Second Coast Guard Academy cadet tests positive for COVID-19

A second Coast Guard Academy cadet has tested positive for COVID-19, the coronavirus disease.

The 20-year-old female, who is in her third year at the academy, was among a group of seven cadets who traveled to Spain over spring break earlier this month. While the cadets were there, President Donald Trump ordered a suspension on European travel in response to the global pandemic and they had to return to the U.S.

The academy cautioned all cadets, before they left for spring break, not to travel or have a layover in any of affected counties, which at the time did not include Spain, spokesman Cdr. Dave Milne said. Staff reviewed cadets’ travel itineraries before they left, he said.

Another cadet, a 20-year-old male also in his third year at the academy, was the first cadet in the group to test positive for the virus. He became symptomatic after returning from the trip and subsequently tested positive for COVID-19. He has been quarantined at home in Florida. The female has been quarantined at home in the Virgin Islands.

None of the other cadets on the trip, who were in the process getting tested last week, has reported testing positive for the virus. All cadets are required to inform the academy if they receive positive test results.  

Cadets are not on campus, which is usually abuzz with activity. The academy’s spring break started March 9, and Superintendent Rear Adm. Bill Kelly said this week he is evaluating on a weekly basis when cadets might be able to return. The academy has suspended or canceled all scheduled academy events through April 30.

“When we are able, we will make recommendations on the return of the corps or portions of the corps of cadets,” Kelly said, adding that he is soliciting advice from Coast Guard leadership and leadership from the other service academies.

Kelly said he is “still committed” to hold the graduation ceremony for the Class of 2020, which is scheduled to take place May 20.

"When we are able, we will release information on how that’s going to take place,” Kelly said. “Hang in there.”

Cadets started remote classes and online training Monday, after tireless work by faculty and staff to get it up and running.
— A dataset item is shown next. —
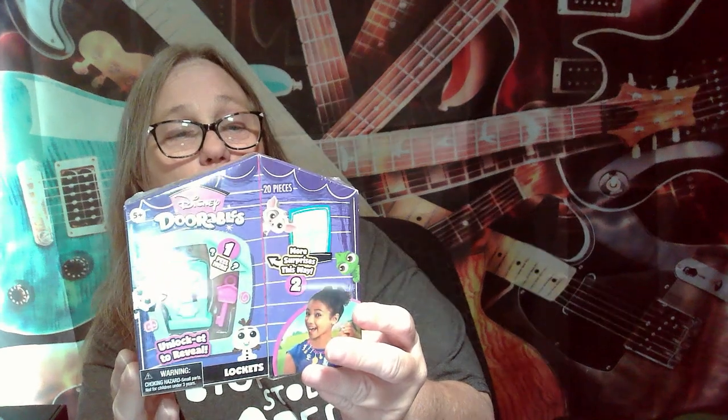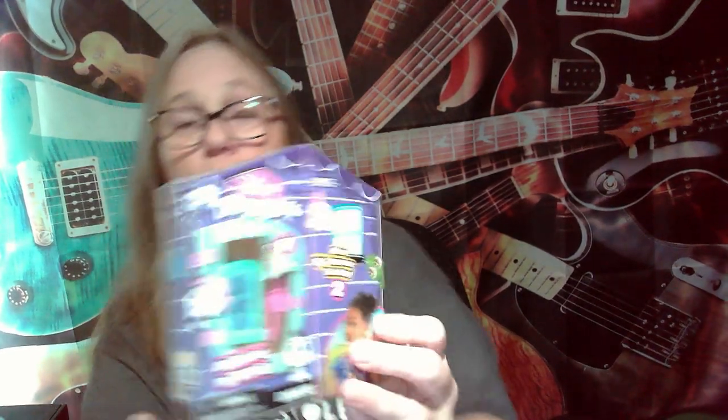Hey everybody, it's Mama Jan. I am here with another Doorables opening. Like I told you guys, I've been buying these, so some of these might not be around anymore. I'm not really sure what series they're on. This says 20 pieces: one necklace, one locket, one key, two character charms, five accessory charms, and one sticker. These actually make little necklaces. So we're gonna open it up and see what we got.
The academy has adopted a “broad-based telework strategy” for faculty and staff, Kelly said.

Kelly also had a message for those who’ve applied to be in the Class of 2024. The admissions department, which is working remotely, continues to evaluate applications and hopes to let all applicants know their status by April 1, with the goal of having them inform the academy whether they plan to attend by May 1. Kelly said he’s “hopeful” that the class’s first day at the academy can be June 29, as scheduled.